------ Available records

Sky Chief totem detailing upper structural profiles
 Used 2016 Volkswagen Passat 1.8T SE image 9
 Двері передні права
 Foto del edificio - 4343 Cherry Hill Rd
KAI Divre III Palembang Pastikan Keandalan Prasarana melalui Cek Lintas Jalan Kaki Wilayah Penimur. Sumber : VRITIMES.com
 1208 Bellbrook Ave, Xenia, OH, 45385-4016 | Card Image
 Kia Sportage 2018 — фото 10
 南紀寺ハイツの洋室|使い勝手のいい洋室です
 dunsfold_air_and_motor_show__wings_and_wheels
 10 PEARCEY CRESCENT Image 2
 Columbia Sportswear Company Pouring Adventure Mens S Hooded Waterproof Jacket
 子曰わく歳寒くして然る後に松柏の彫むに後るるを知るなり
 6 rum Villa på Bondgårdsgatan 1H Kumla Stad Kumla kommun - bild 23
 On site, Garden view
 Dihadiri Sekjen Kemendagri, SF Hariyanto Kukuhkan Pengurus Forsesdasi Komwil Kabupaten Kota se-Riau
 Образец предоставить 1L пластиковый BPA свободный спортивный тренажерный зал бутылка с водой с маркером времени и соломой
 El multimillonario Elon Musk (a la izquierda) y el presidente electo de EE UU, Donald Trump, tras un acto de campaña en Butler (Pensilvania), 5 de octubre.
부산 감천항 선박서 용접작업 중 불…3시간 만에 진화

------------

● **Action item**
The answer should be an exact copy of the lines from the one containing "Columbia Sportswear Company" through the last line of the entries, both included.

● **Exercise solution**
 Columbia Sportswear Company Pouring Adventure Mens S Hooded Waterproof Jacket
 子曰わく歳寒くして然る後に松柏の彫むに後るるを知るなり
 6 rum Villa på Bondgårdsgatan 1H Kumla Stad Kumla kommun - bild 23
 On site, Garden view
 Dihadiri Sekjen Kemendagri, SF Hariyanto Kukuhkan Pengurus Forsesdasi Komwil Kabupaten Kota se-Riau
 Образец предоставить 1L пластиковый BPA свободный спортивный тренажерный зал бутылка с водой с маркером времени и соломой
 El multimillonario Elon Musk (a la izquierda) y el presidente electo de EE UU, Donald Trump, tras un acto de campaña en Butler (Pensilvania), 5 de octubre.
부산 감천항 선박서 용접작업 중 불…3시간 만에 진화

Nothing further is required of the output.